N’empêche, ce tempérament d’esthète fait prendre à Jack des risques, lui objecte Verge, même si le tueur lui répond que parfois c’est en se montrant au grand jour qu’on est le moins visible – ce qui est très vrai. Le risque fait partie de l’œuvre. Il ne s’agit pas simplement de tuer donc : il faut mettre en scène le crime, mais aussi qu’une dose de risque y soit incorporé. C’est le sens de l’échange assez drôle avec le policier chez la dame qu’il vient d’étrangler : je connais mes droits, je ne fais que vous suggérer des pistes de travail, etc. Le culot est l’une des clés de voûte de la « maison » que Jack veut édifier.

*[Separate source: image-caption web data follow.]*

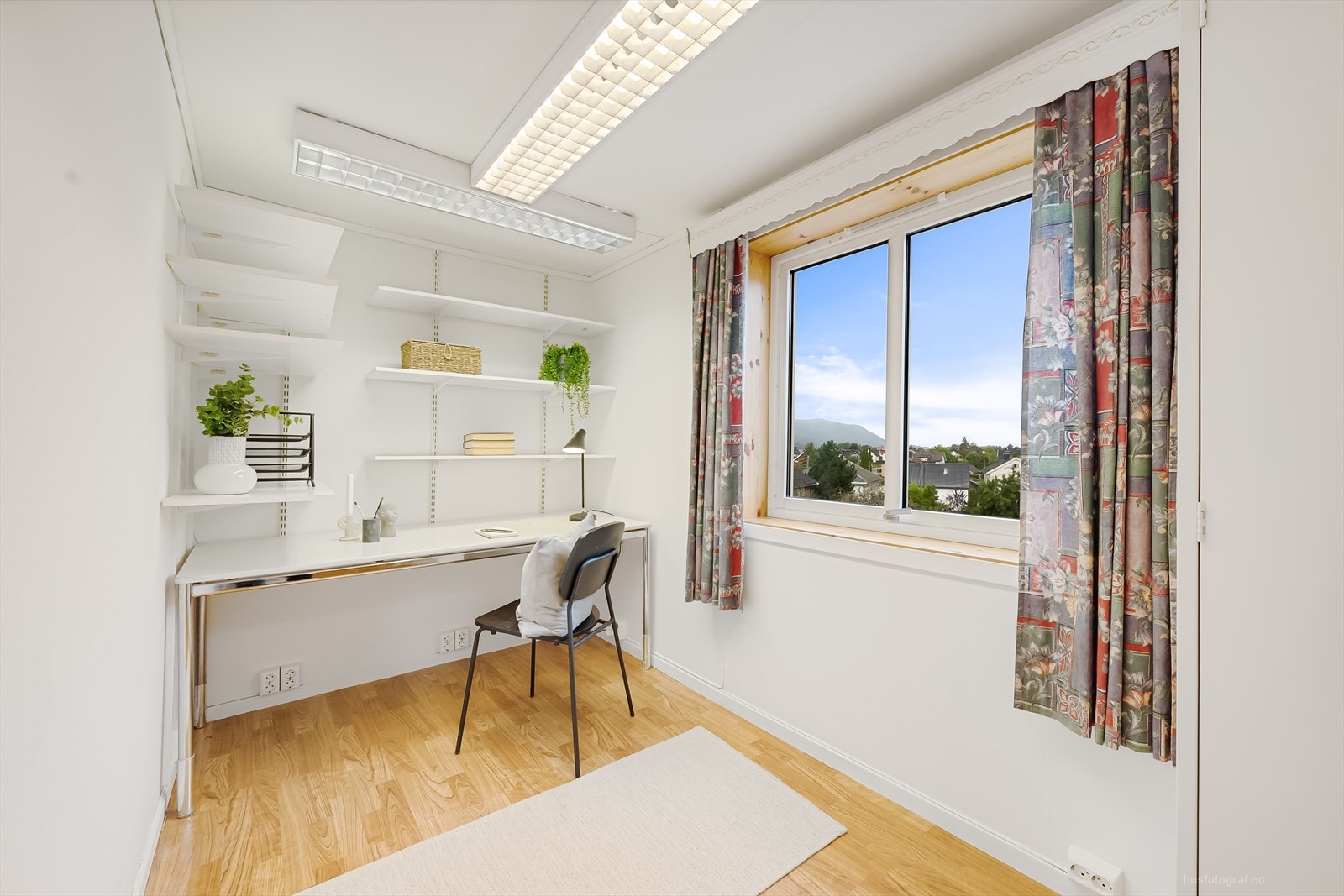 I tillegg finnes et kontor i 2. etasje. Galleribilde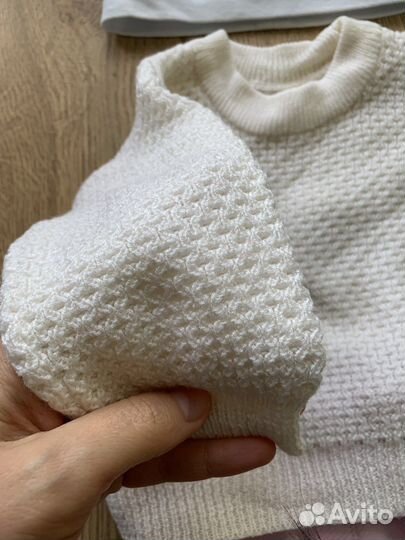 Свитер, штаны и шапочка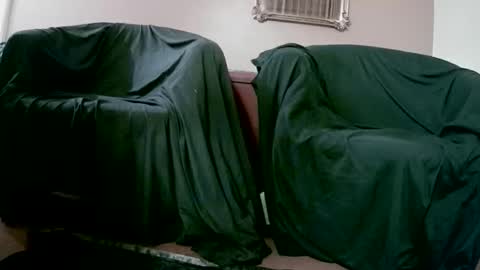 love bug online show from 10/19/25, 05:08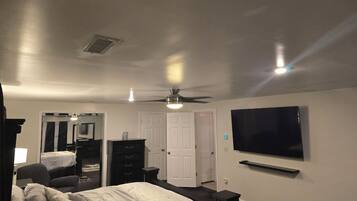 4 bedrooms, iron/ironing board, free WiFi, bed sheets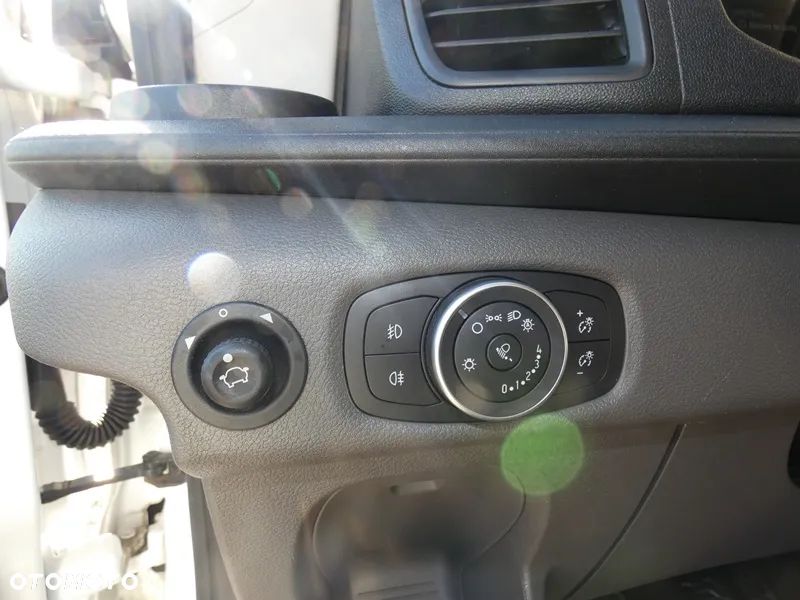 Ford Transit kontener, winda 750 kg, nawigacja - 12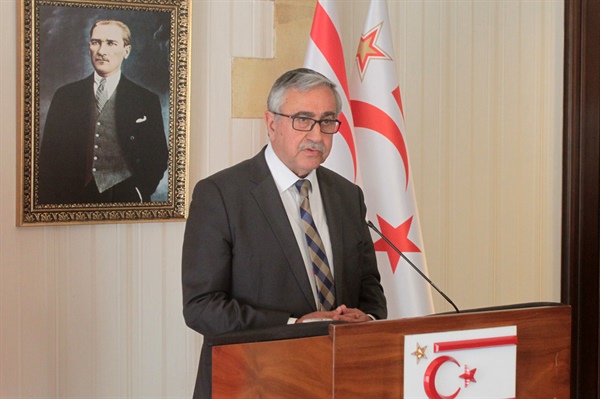 Cumhurbaşkanı Akıncı, Başbakan Tatar ve Spehar ile yaptığı görüşmenin ardından basın toplantısı düzenledi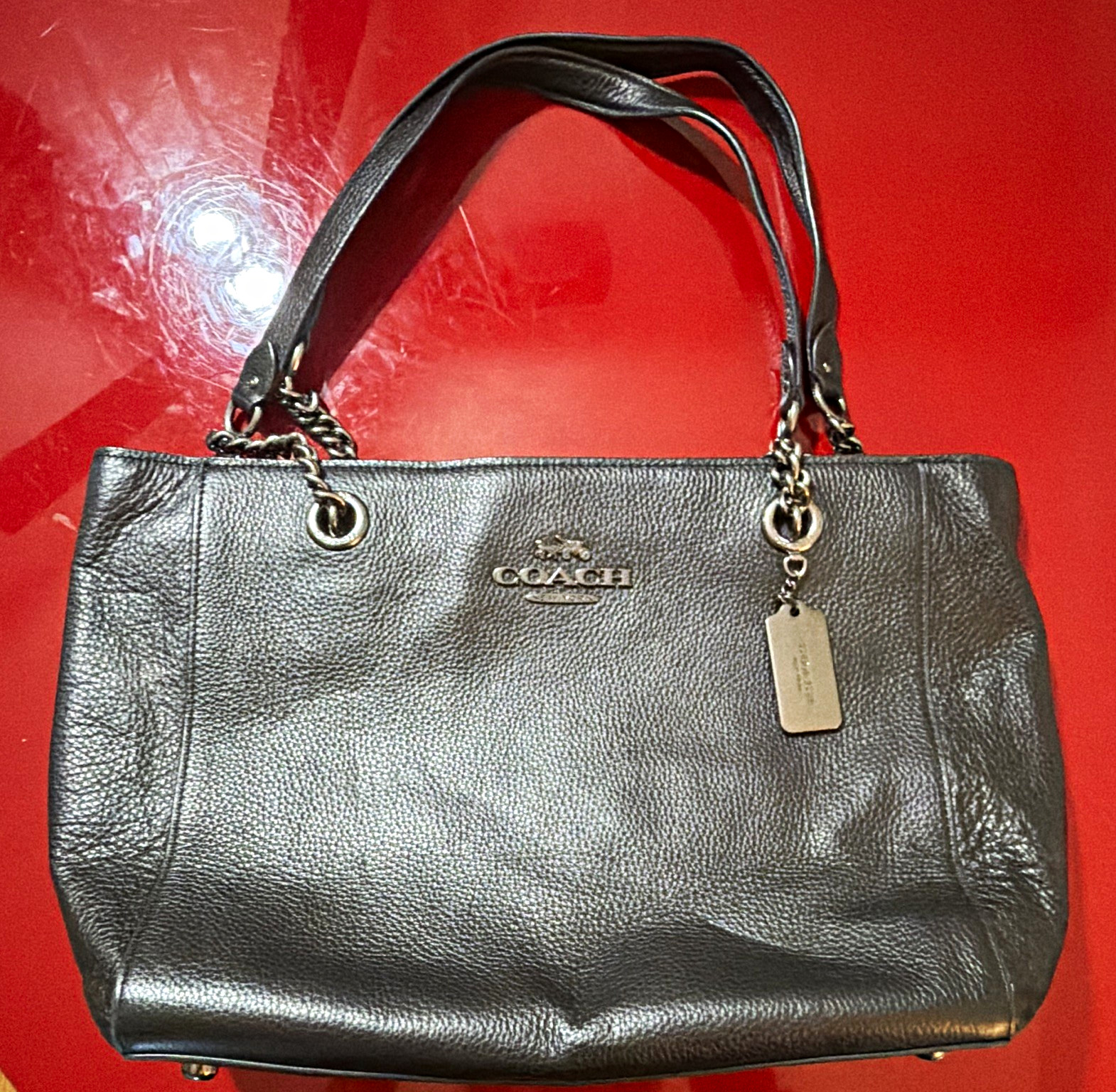 Coach Women\'s Black Tote Shoulder Bag Chain Strap Silver Hardware Inner Pockets Coach Women\'s Black Tote Shoulder Bag Chain Strap Silver Hardware Inner Pockets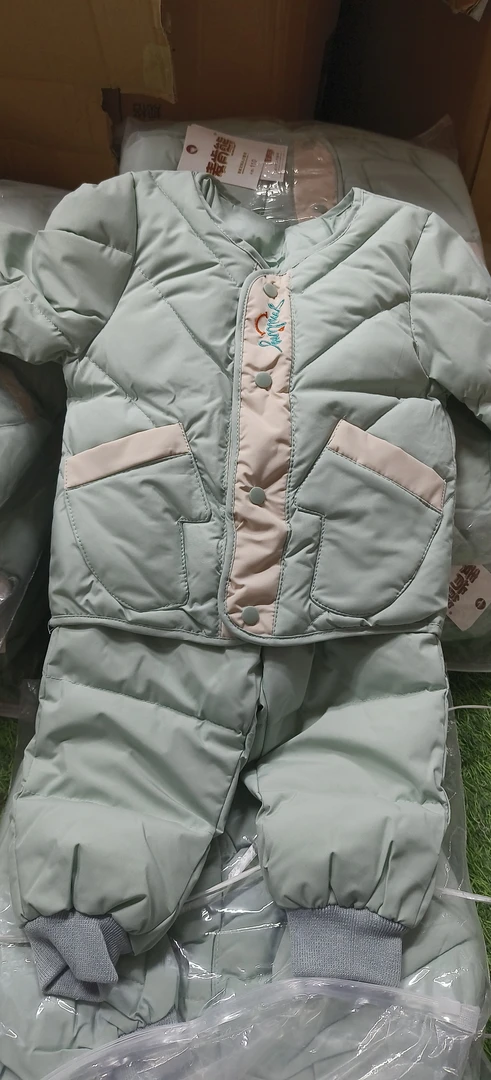 防撞条麦肯熊棉服套装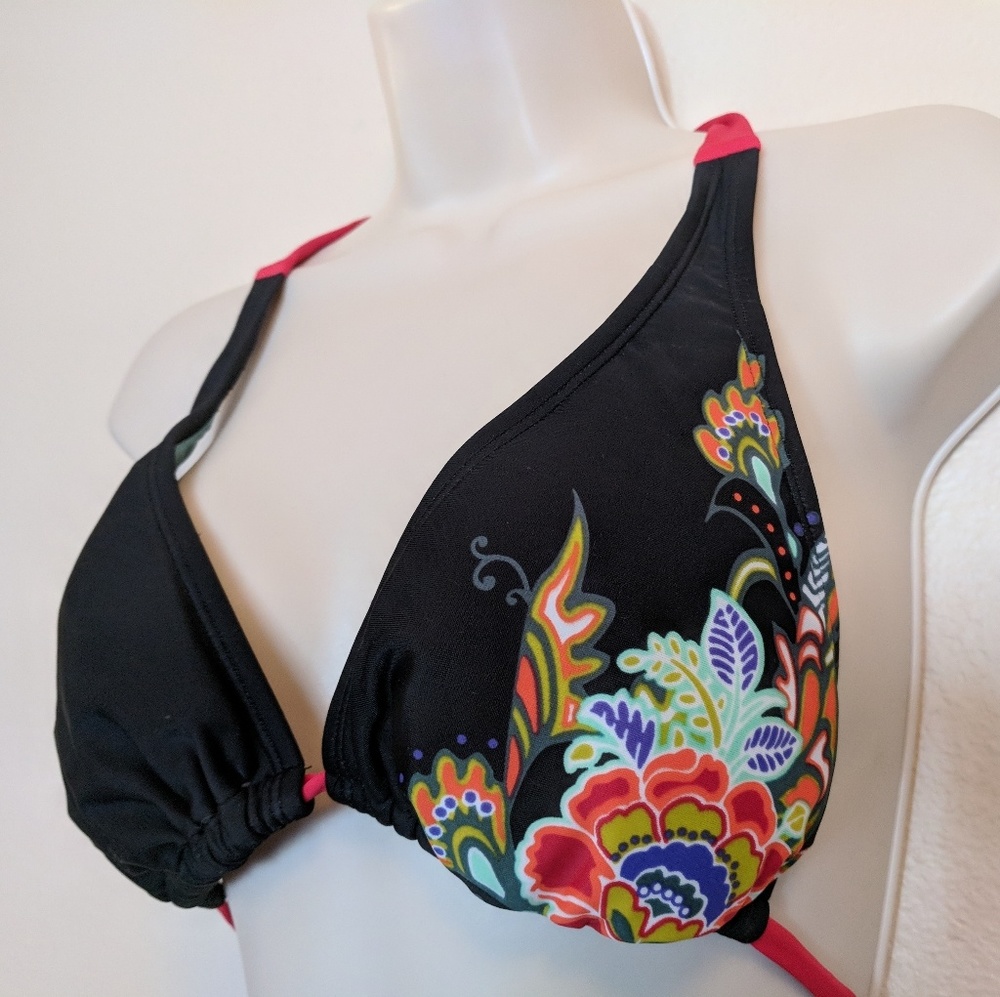 Athleta Black Paisley Bikini Top sz M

Cette maison, il ne parvient pas à la construire, la détruisant à trois reprises. Il avouera piteusement à Verge son impuissance à la fin. La seule maison qu’il puisse construire, c’est en assemblant toutes ces victimes, ce qui le mène directement en enfer… Dans le panthéon indien, Jack ne serait ni Brahma le créateur, ni Vishnou le conservateur, mais bien Shiva le destructeur. D’ailleurs le tueur fait l’éloge de la putréfaction, par une démonstration comme les affectionne Lars Von Trier sur certains vins basés sur le pourrissement du raisin. Toutes ces démonstrations sont plus humoristiques que réellement convaincantes. Elles amusent… jusqu’à ce que Lars Von Trier utilise des images d’archives de la Shoah. Là, je n’ai plus du tout rigolé. Le provocateur s’est laissé emporter par son ivresse et bascule du mauvais côté, comme il l’avait fait à Cannes en inscrivant des signes nazis sur ses doigts. Stupide, surtout qu’on sortait d’un intéressant exposé sur des sirènes associées aux réacteurs des avions allemands, utilisées comme arme psychologique.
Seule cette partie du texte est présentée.